07 July, 2006

43. Fondaco dei Turchi

In 1438, Emperor John VIII Paleologus, the penultimate ruler of Byzantium, was desperate.

Beset on all sides, his empire had been chipped away until it was little more than the great city of Constantinople itself, the last Christian stronghold in the east. He HAD to persuade the more powerful Holy Roman Empire in the west to help him defend eastern Christianity from being overrun by the forces of Islam.

The trouble was, his eastern Orthodox church and the western Catholic church had split in a bitter schism several centuries earlier, and Rome was not very interested in offering tangible help to Byzantium unless a lot of religious kow-towing went on first.

Venice was a long term trading partner and the closest thing to a friend that Byzantium had in the west, and it was to here that Emperor John came in 1438 to try – with Venice's help - to broker a rescue deal with Rome, or anyone else he could find in Europe with an army not currently busy elsewhere.

He arrived with an entourage of 600 priests – yes, six hundred Orthodox clergy – ready to compromise with Catholic demands. He stayed six months, conceding almost everything that was demanded of him and his clerics, and went home again with no binding promises of help.

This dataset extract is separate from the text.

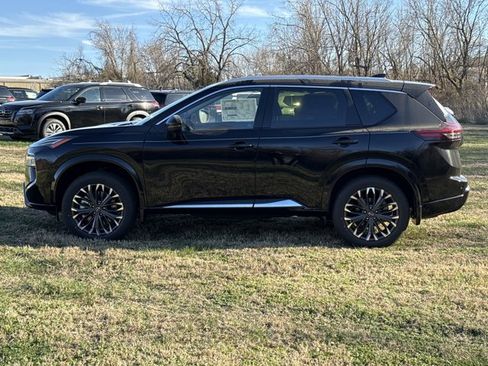 New 2026 Nissan Rogue Platinum w/ Tech Package AWD/4WD image 12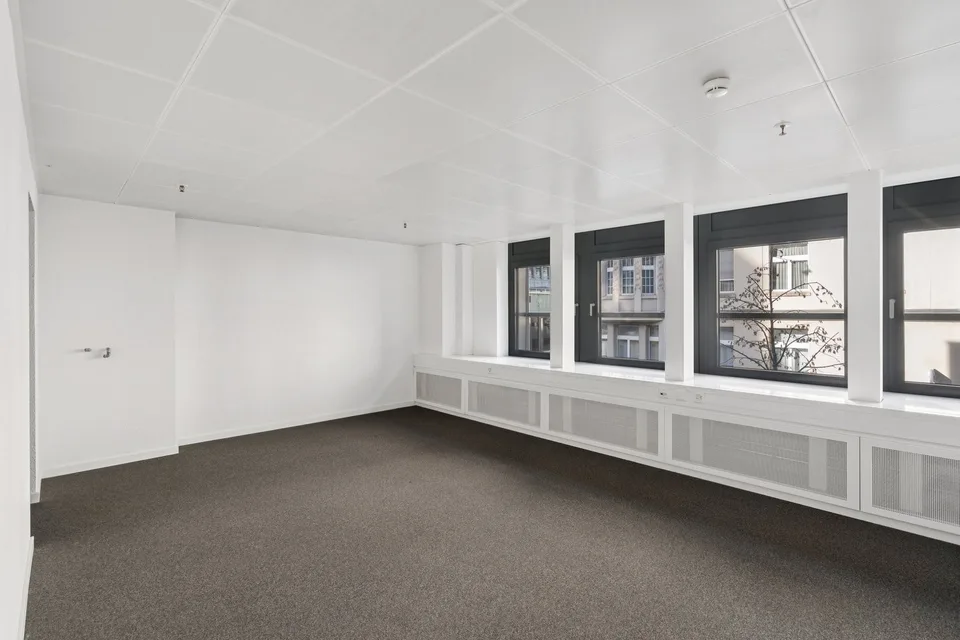 Büro im (Einkaufs-)Zentrum von St.Gallen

This is the building in which John VIII and his retinue stayed while in Venice. It doesn't look that old, but that is because in the mid-19th Century this huge and ancient palazzo was so dilapidated that it underwent a massive renovation, conducted according to the historian John Julius Norwich with "marvelous insensitivity".

To me, what's more important is that underneath the cleaned up surface and the new ugly Grand Canal façade, the fabric of this building is still standing. That makes this – as far as I can tell – the ONLY surviving building in the world in which one of the Emperors of Byzantium ever lived. Can you imagine what a thrill it is to stand inside it? To visualize the heated theological arguments that must have gone on in every corner of it; to empathize with the daily frustration of John, trying unsuccessfully to win support for his cause; to imagine the impatience of the Doge and his Council at having to house and feed so many hangers-on, month after fruitless month?

Ironically, once Sultan Mehmet II had destroyed Byzantium in 1453, Venice sucked up to the Ottoman Empire instead and eventually turned this very building into a trading centre and warehouse for Turkish traders, complete with mosque, which is why it is now known as the Fondaco dei Turchi.

Today, it houses the Museum of Natural History. With all due respect to the scientists whose passion that is, who the hell goes to Venice to learn about the evolution of algae in the Adriatic? What a waste of such an historically significant building! What a perfect place for a museum that could explore the amazing 1100 years that was the Byzantine era, in which Venice, more than anywhere else in the west, played such an integral part.